Of Gods and Men Reviews
The making of the film largely emphasizes the type of life these men choose to lead. They have virtually n0 contact with the outside world, and do almost nothing every day except pray and sing. The way they live is eye-opening to say the least. They are completely isolated, except for the visits they receive from the Muslim terrorists. The main monk holds several meetings to decide if they should leave or stay and tolerate the continued treatment. Each one struggles with the choice, wondering if their mission where they currently are is worth becoming martyrs for. Some almost leave, but they all choose to stay by the end.
The film makes the viewer really experience the sheer loneliness and mindset of the monks. There is no background music and virtually no additional lighting. The dialogue is infrequent, mainly focusing on their quiet reflections. It feels very much like a documentary with the lack of conventional filmmaking techniques and infrequent use of dialogue, but the individual performances of each monk will make you care about each one, and make you feel all the more saddened at their untimely fate.

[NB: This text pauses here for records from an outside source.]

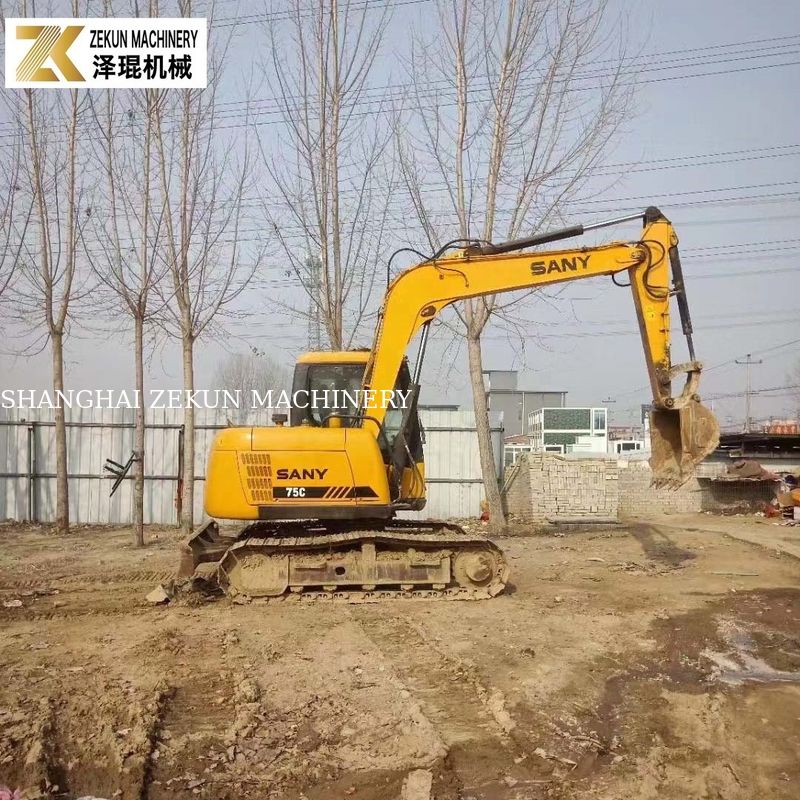 Penggali asli 7T Sany 75 Excavator SY75C-9 SY75C PRO Penggali bekas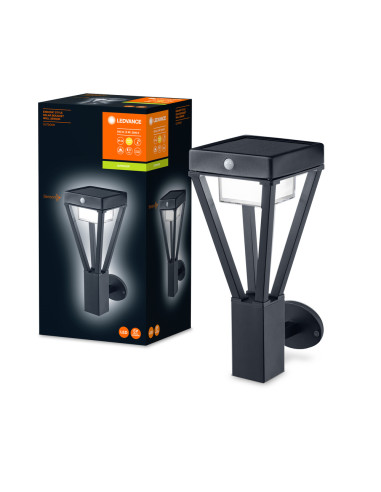 KINKIET ZEWNĘTRZNY SOLAR ENDURA STYLE BOUQUET WALL SENSOR 6W 550LM BLACK 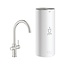 Grohe RED DUO 3-in-1 Kokendwaterkraan (C-uitloop) met 7 Liter Combi Boiler - supersteel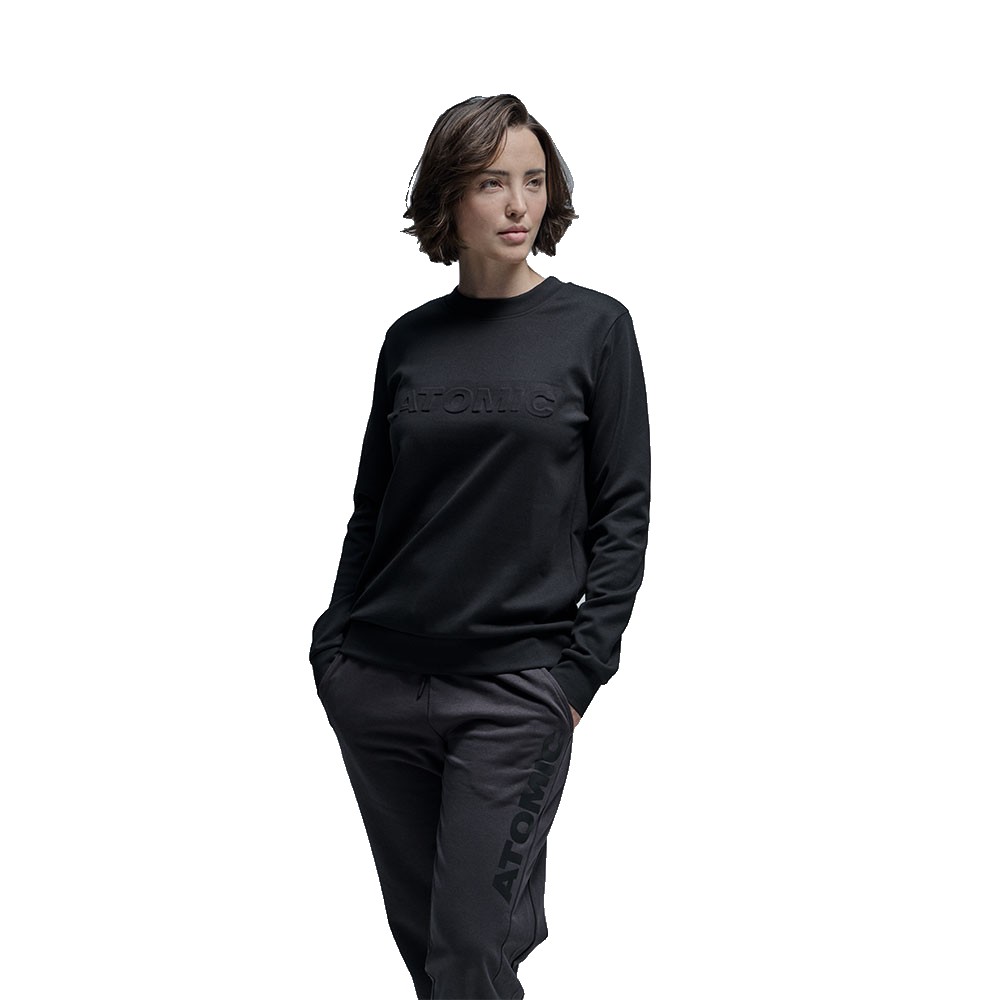 Atomic Logo Sweatshirt Schwarz S Frau Atomic Logo Sweatshirt Schwarz S Frau von Atomic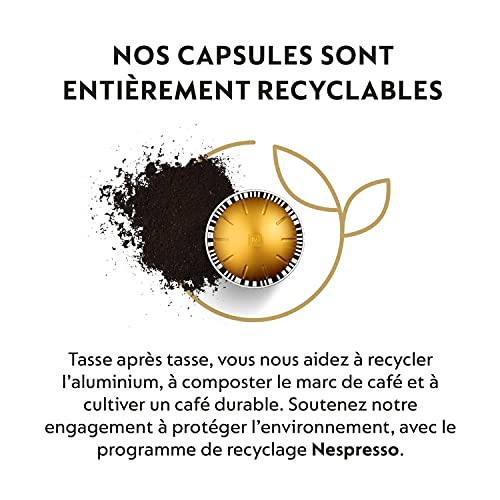 Detalle de Nespresso Vertuo Voltesso Espresso – 50 Capsules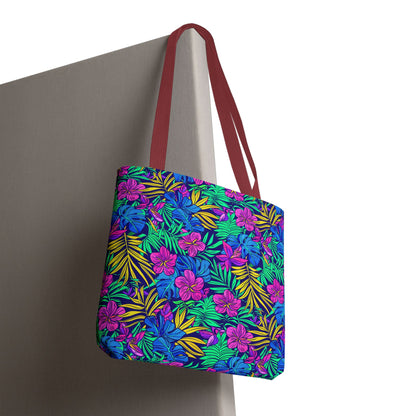 Tropical Floral Tote Bag, Beach Bag, Shopping Tote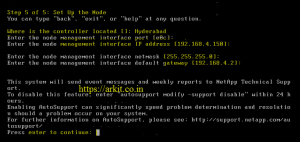 6 netapp cluster setup Enter Management IP details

As slow burns go, Of Gods and Men is one of the most compelling. Tightly scripted and slowly but tensely paced, as this story unfolds, the film's themes emerge subtly: the film portrays the austerity of faith and how faith leads to a sense of security and conviction. While I'm not personally committed to these theses, the film's portrayal is richly textured and compelling. By the end of the film, we get to know these monks about as well as we get to know anyone in an understated French film, and it's hard not to admire them.
Overall, this is profound and compelling story well-told.